┌────────

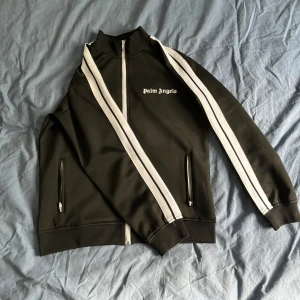 palm angels tröja - tja säljer nu min palm angels tröja i nyskick, den är knappt använd endast testad ett fåtal gånger. Hör av dig vid funderingar!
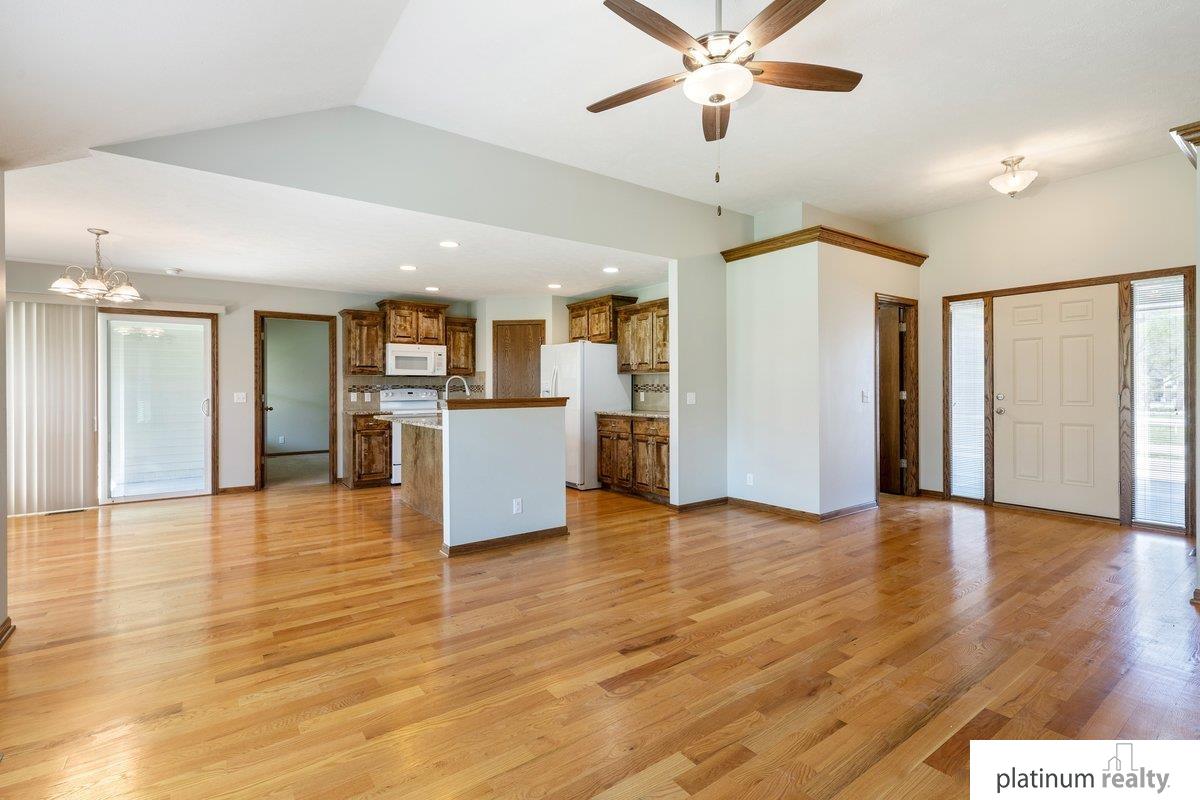 2821 Lakeside Drive
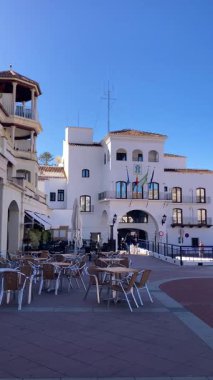 NERJA, İspanya - 22 Mart 2025: Işıldayan deniz ve büyüleyici şehrin muhteşem manzaraları, 22 Mart 2025 tarihinde İspanya 'nın Nerja kentinde nefes kesen kıyı manzaraları ve pitoresk bir atmosfer sunuyor.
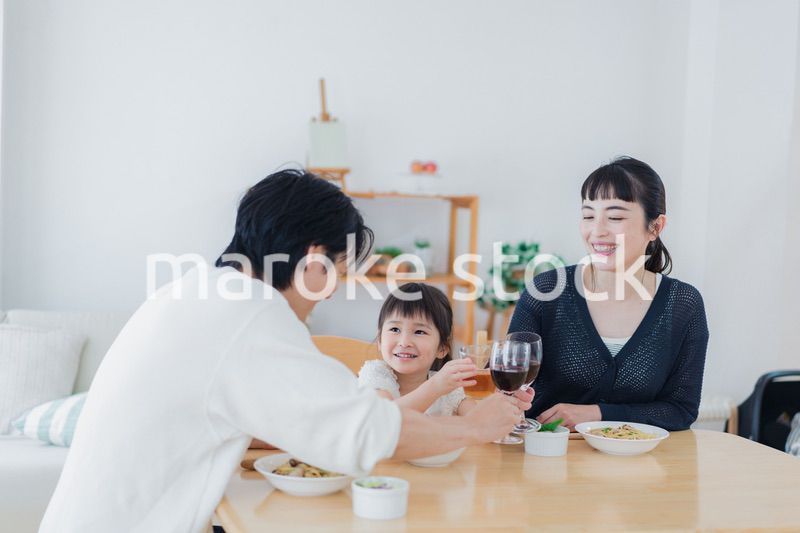 子供と一緒に乾杯をする家族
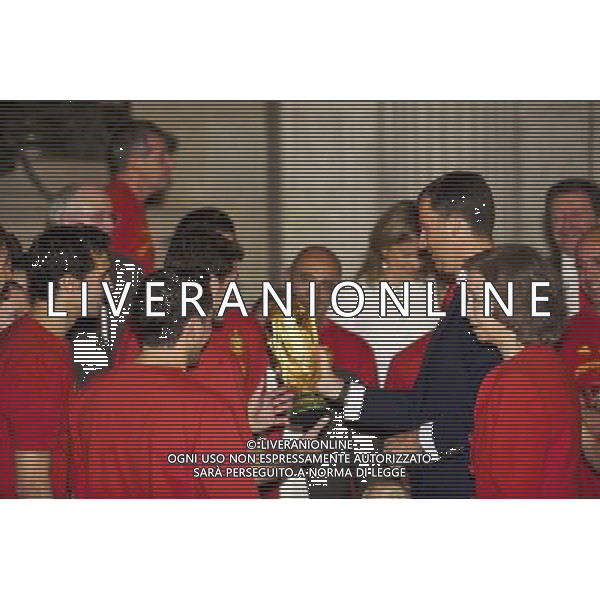 King Juan Carlos, Queen Sofia, Prince Felipe, Princess Letizia, Princess Leonor, Princess Sofia, Princess Elena attend an Audience to the National Football Team on their victory in the FIFA World Cup \'South Africa 2010 at Palacio Real in Madrid Photo: Billy Chappel / ALFAQUI - Ag. Aldo Liverani sas ITALY ONLY RICEVIMENTO A PALAZZO REALE DI MADRID DELLA NAZIONALE SPAGNOLA DI CALCIO DOPO LA VITTORIA DELLA COPPA DEL MONDO IN SUD AFRICA 2010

└────────

▶ What you should do
Without the pictures, please output every record exactly.

▶ Solution
 palm angels tröja - tja säljer nu min palm angels tröja i nyskick, den är knappt använd endast testad ett fåtal gånger. Hör av dig vid funderingar!
 2821 Lakeside Drive
 NERJA, İspanya - 22 Mart 2025: Işıldayan deniz ve büyüleyici şehrin muhteşem manzaraları, 22 Mart 2025 tarihinde İspanya 'nın Nerja kentinde nefes kesen kıyı manzaraları ve pitoresk bir atmosfer sunuyor.
 子供と一緒に乾杯をする家族
 King Juan Carlos, Queen Sofia, Prince Felipe, Princess Letizia, Princess Leonor, Princess Sofia, Princess Elena attend an Audience to the National Football Team on their victory in the FIFA World Cup \'South Africa 2010 at Palacio Real in Madrid Photo: Billy Chappel / ALFAQUI - Ag. Aldo Liverani sas ITALY ONLY RICEVIMENTO A PALAZZO REALE DI MADRID DELLA NAZIONALE SPAGNOLA DI CALCIO DOPO LA VITTORIA DELLA COPPA DEL MONDO IN SUD AFRICA 2010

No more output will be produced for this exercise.